Beginning with the line that has "Création d'un compte de réseaux sociaux" and ending with the line that has "Khamenei is dead", retype the entries below exactly, except for the pictures.

**** SUPPLIED DATA

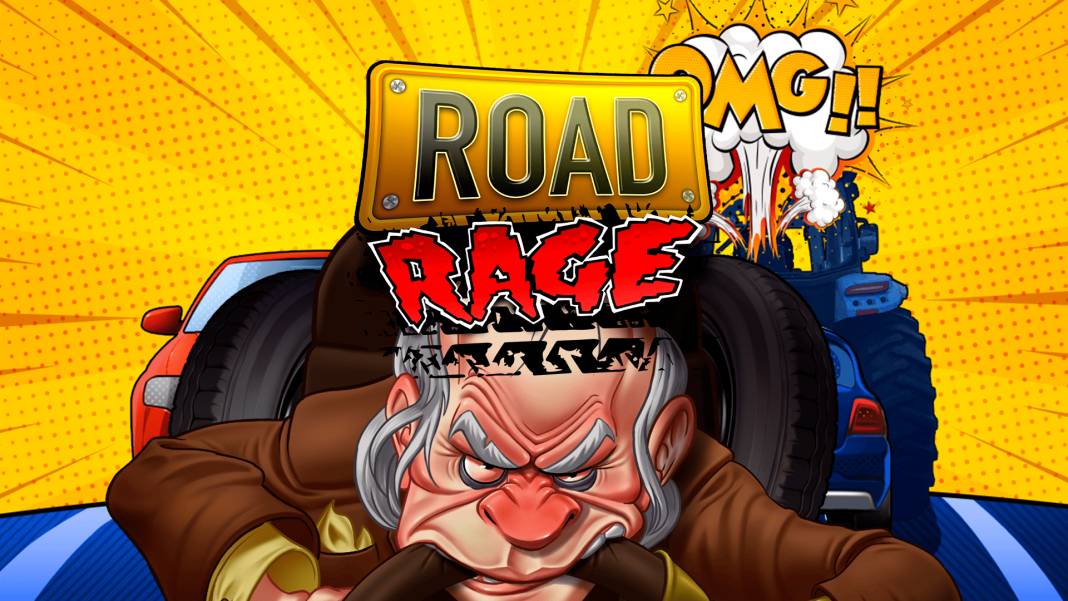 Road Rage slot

********
**** SUPPLIED DATA

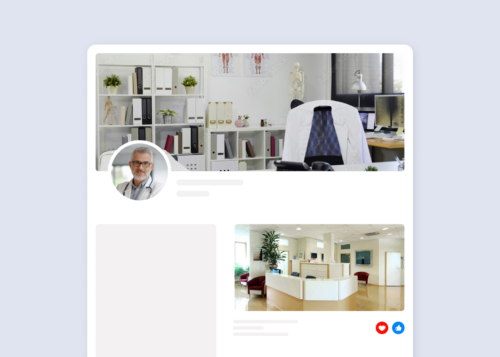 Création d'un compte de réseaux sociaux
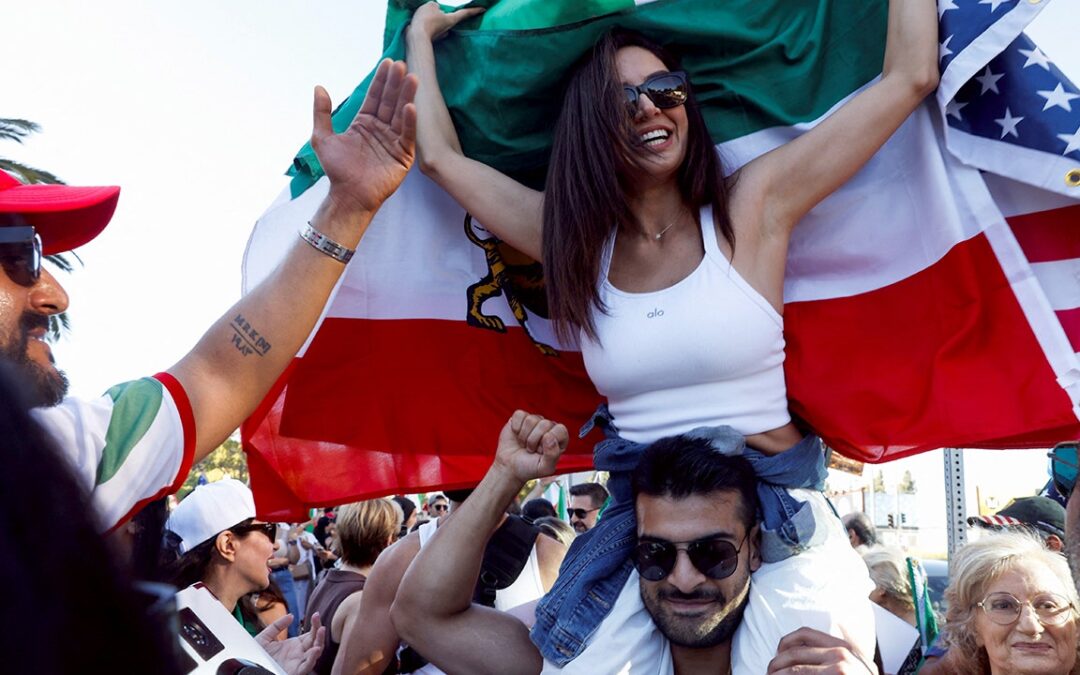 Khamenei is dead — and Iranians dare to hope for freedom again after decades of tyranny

********

# RESULT:
 Création d'un compte de réseaux sociaux
 Khamenei is dead — and Iranians dare to hope for freedom again after decades of tyranny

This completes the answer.